Task to complete: Repeat the data in full. Drop every picture.

Available data:
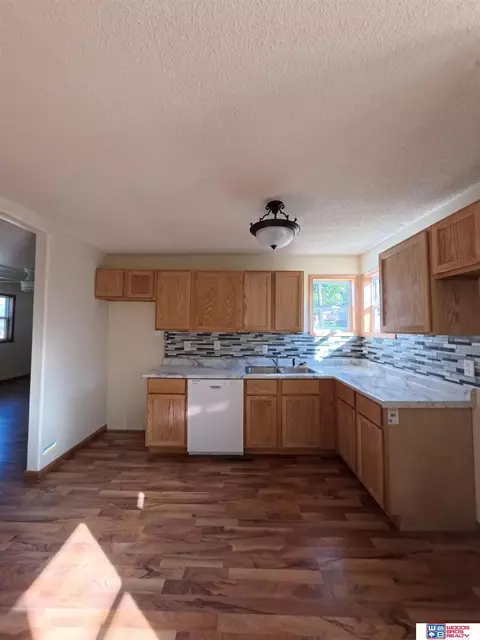 612 E 4th St, York, NE 68467 photo 18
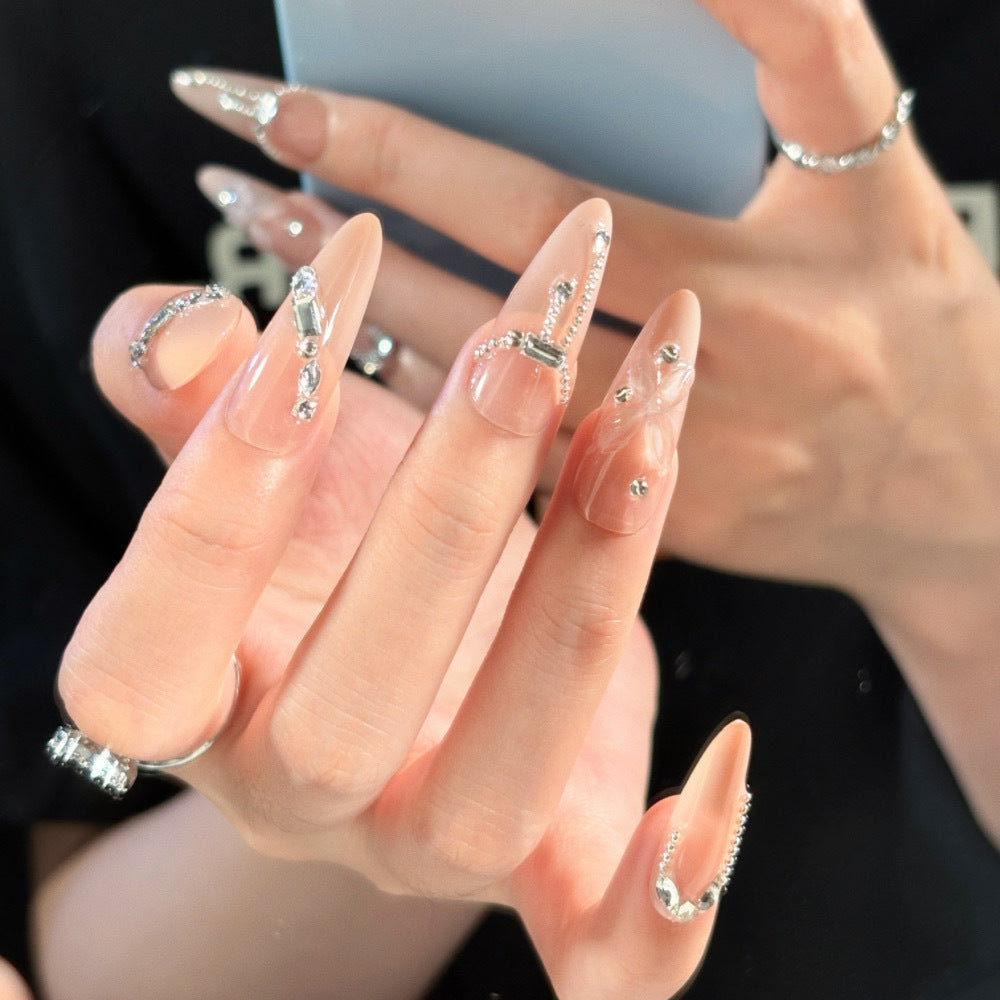 Elegantes Stiletto Druck-Nagelkunst-Set mit Kristallakzenten Brehn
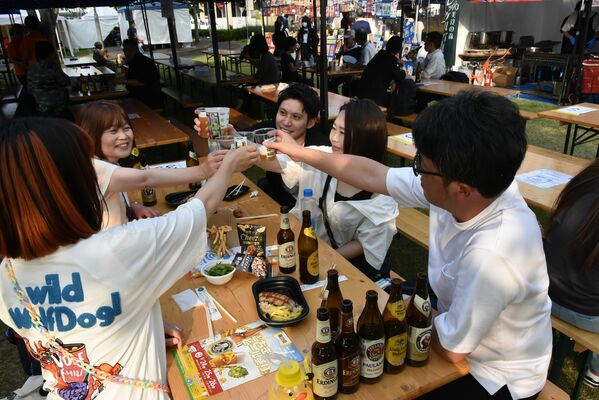 ドイツビールで乾杯する来場者ら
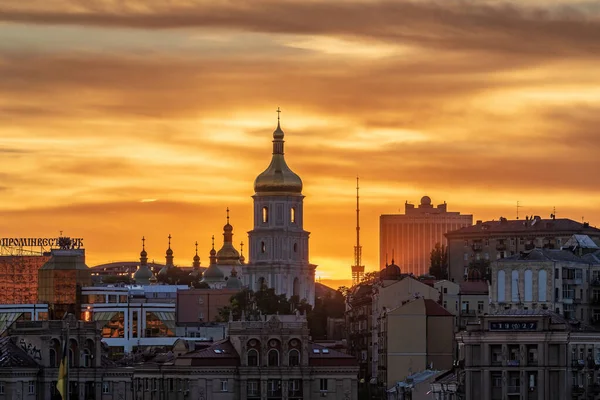 Київ Україна Серпня 2020 Барвистий Захід Сонця Площі Незалежті Софією — стокове фото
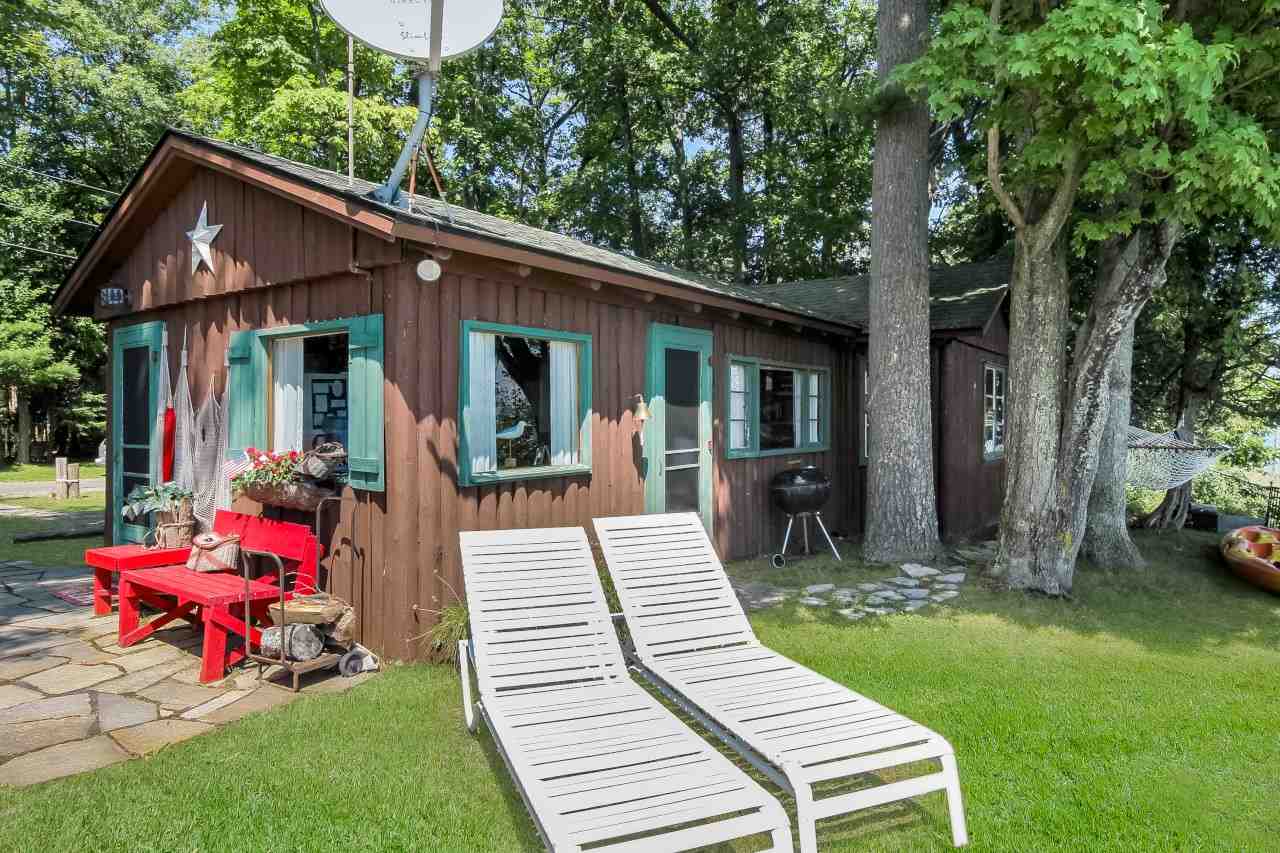 3732 South Lee Point Road Suttons Bay, MI 49682 - Photo 6 of 31 1876065-5.JPG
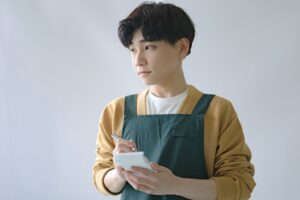 メモを取る男性の写真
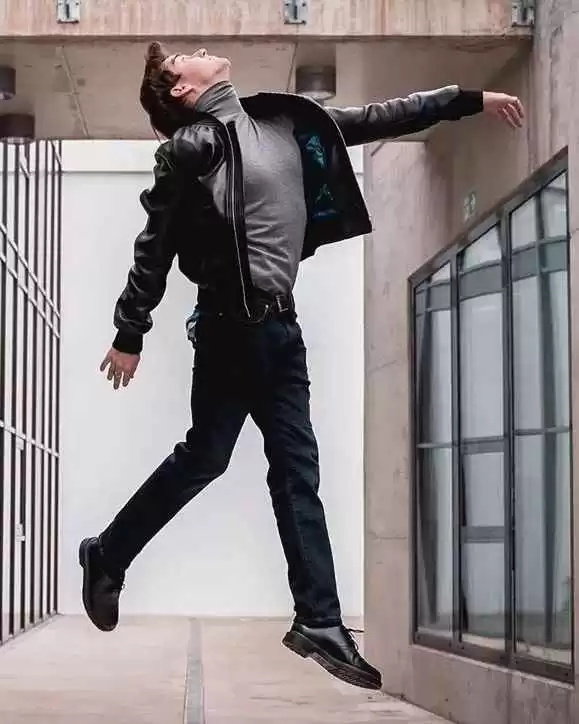 穿衣搭配男生高领 男人穿高领毛衣显得很娘?那是你对高领毛衣一无所知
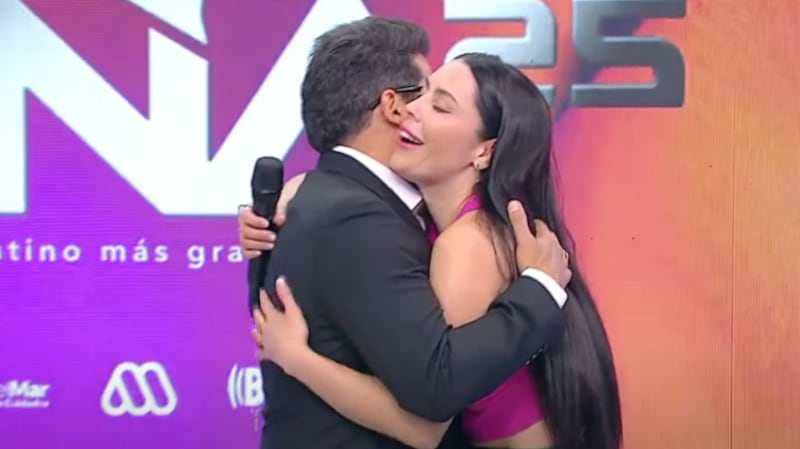 Recibimiento de Rafael Araneda en Mega | Captura: Mucho Gusto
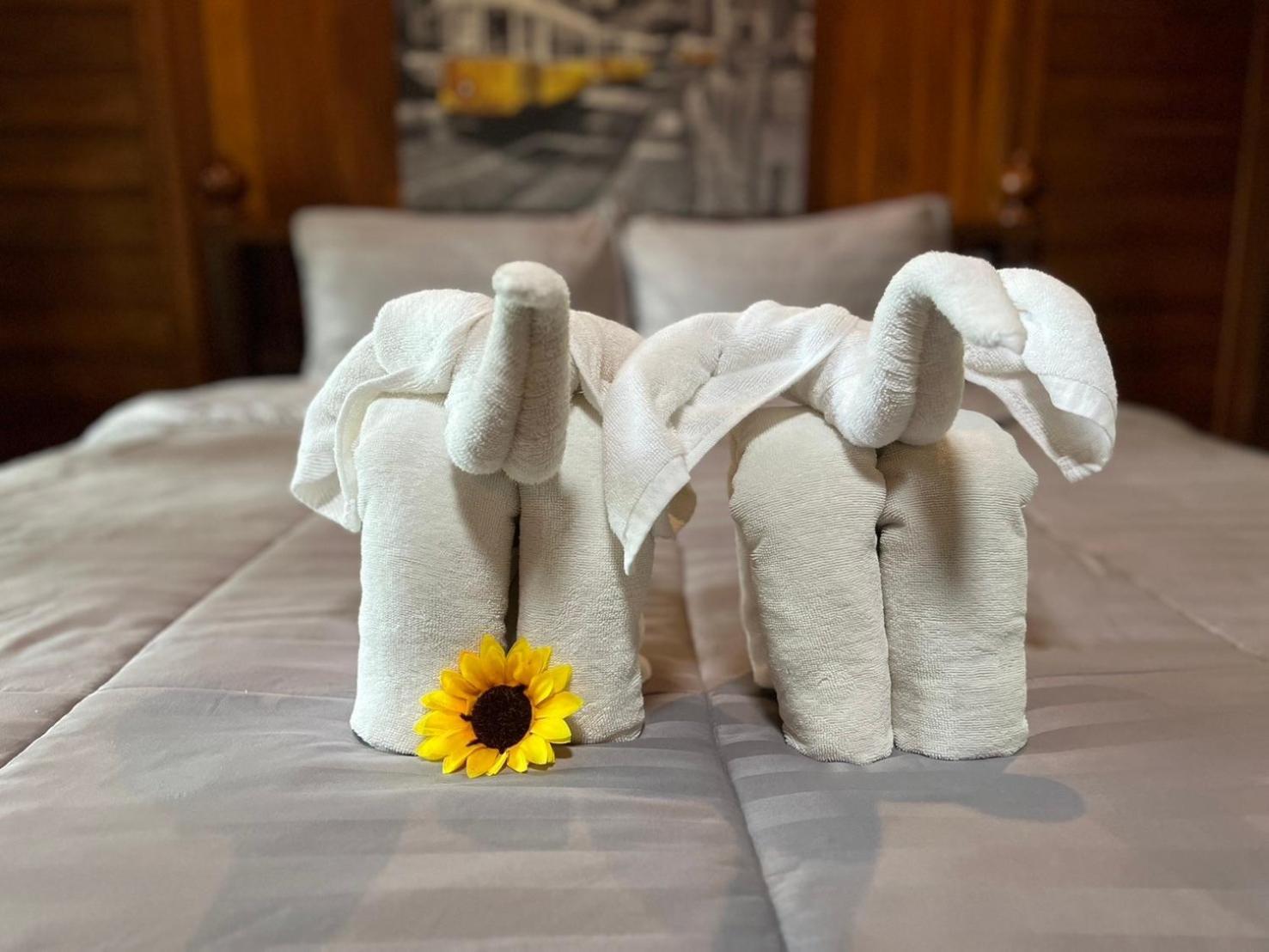 Denchai City Resort เด่นชัยซิตี้ รีสอร์ท Phrae Exteriör bild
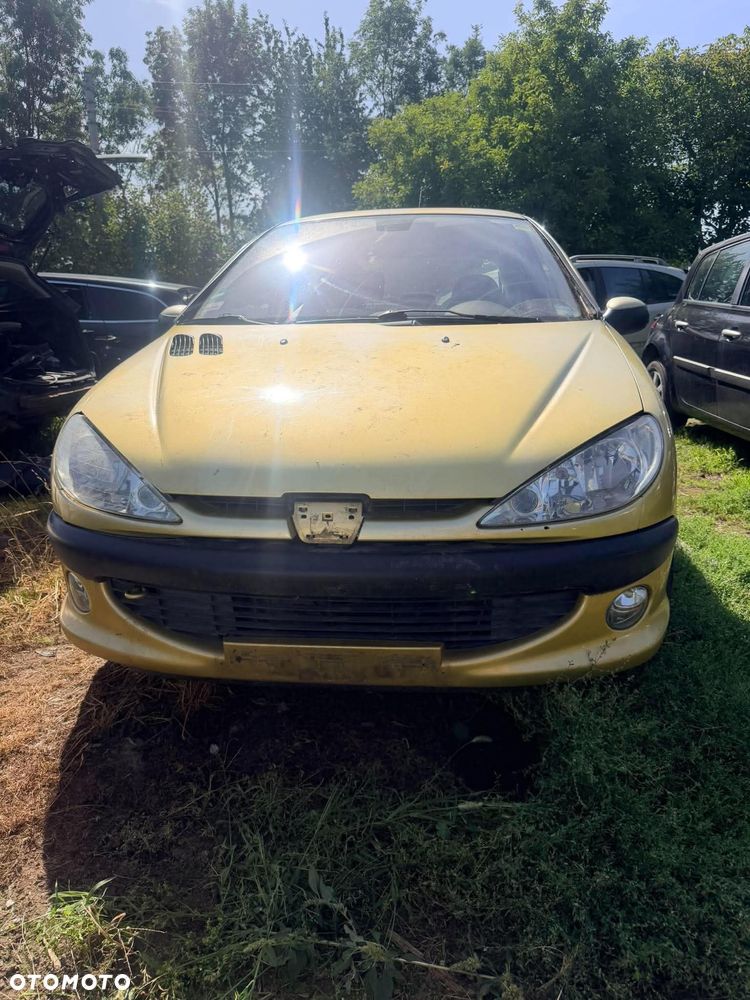 części ZDERZAK PRZÓD KAW Peugeot 206 hatchback 3 drzwi 2003r. 1.4 benzyna 55kw - 1
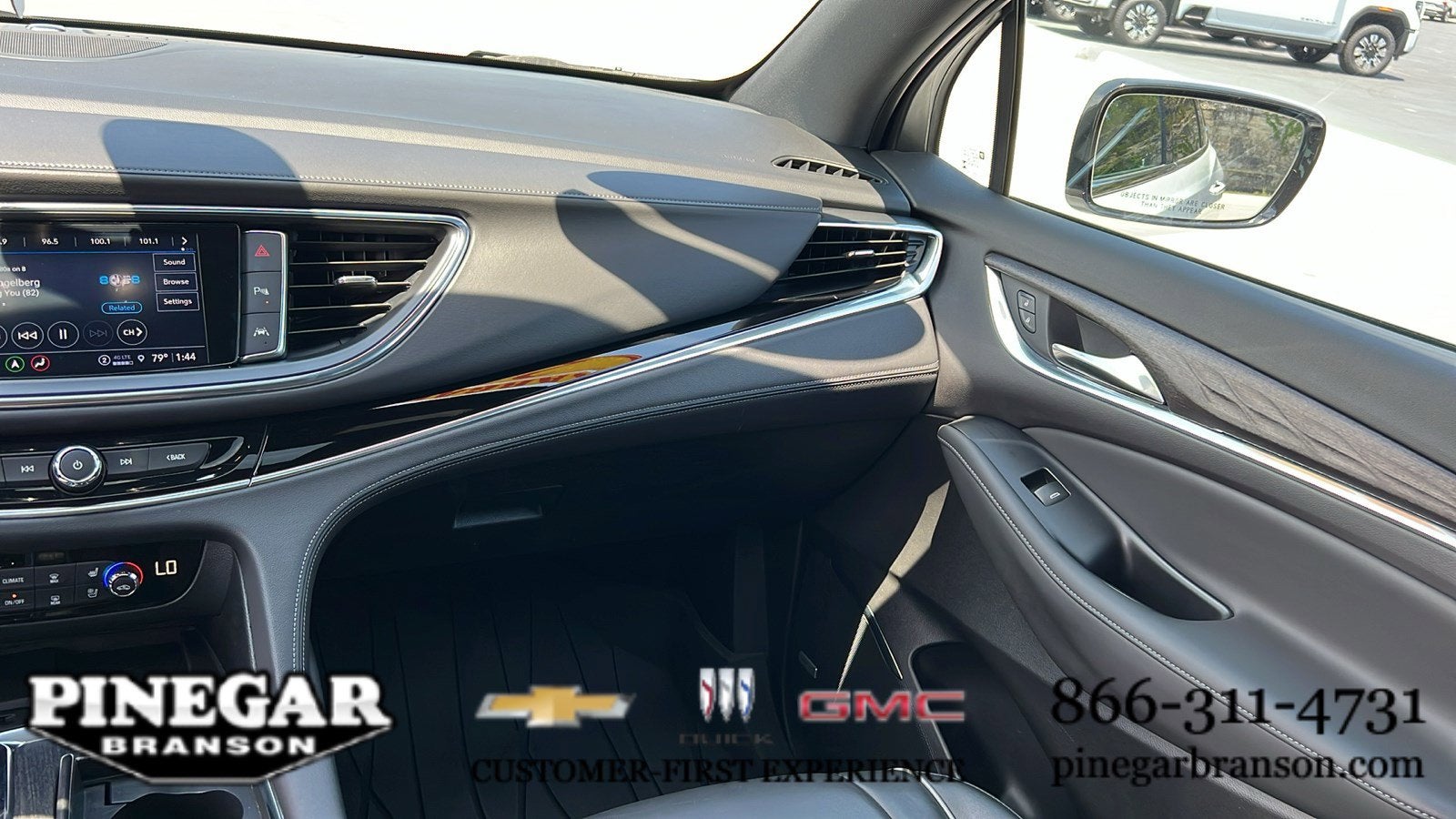 2023 Buick Enclave Avenir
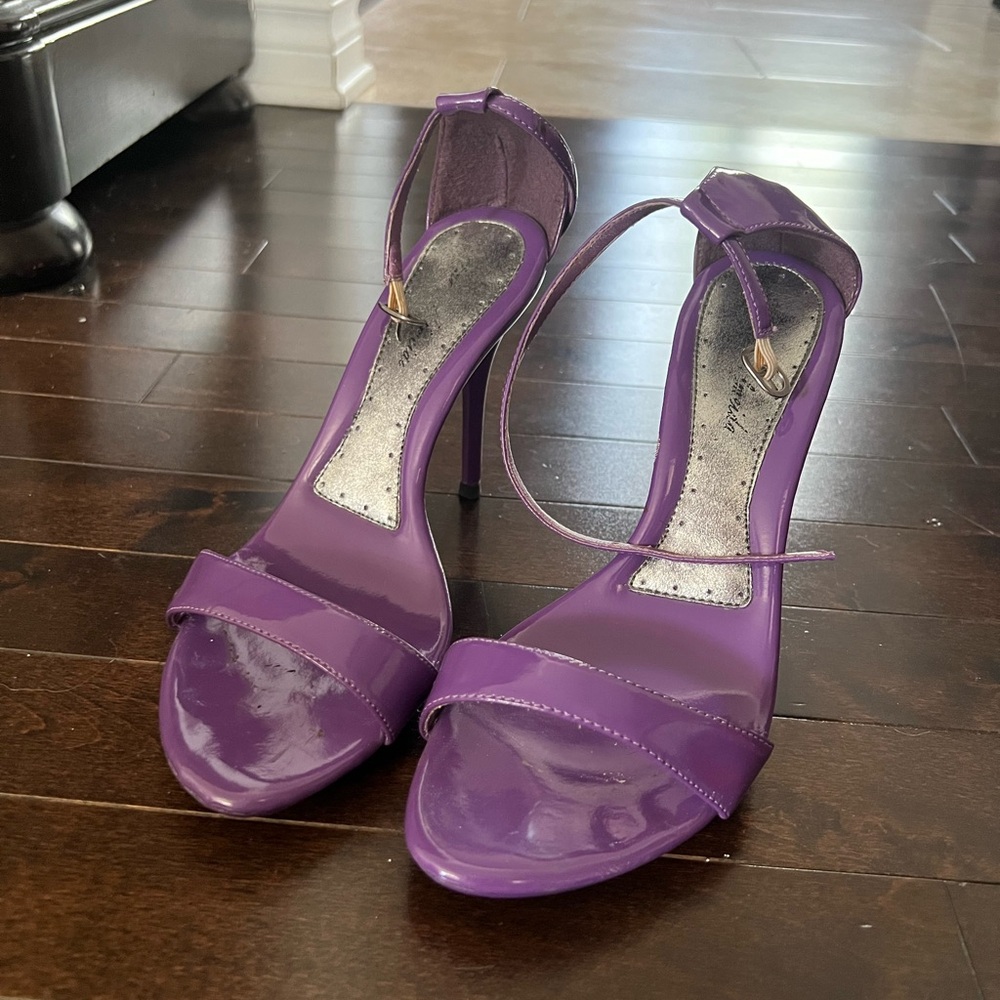 Heels - Picture 1 of 1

Exercise solution:
 612 E 4th St, York, NE 68467 photo 18
 Elegantes Stiletto Druck-Nagelkunst-Set mit Kristallakzenten Brehn
 ドイツビールで乾杯する来場者ら
 Київ Україна Серпня 2020 Барвистий Захід Сонця Площі Незалежті Софією — стокове фото
 3732 South Lee Point Road Suttons Bay, MI 49682 - Photo 6 of 31 1876065-5.JPG
 メモを取る男性の写真
 穿衣搭配男生高领 男人穿高领毛衣显得很娘?那是你对高领毛衣一无所知
 Recibimiento de Rafael Araneda en Mega | Captura: Mucho Gusto
 Denchai City Resort เด่นชัยซิตี้ รีสอร์ท Phrae Exteriör bild
 części ZDERZAK PRZÓD KAW Peugeot 206 hatchback 3 drzwi 2003r. 1.4 benzyna 55kw - 1
 2023 Buick Enclave Avenir
 Heels - Picture 1 of 1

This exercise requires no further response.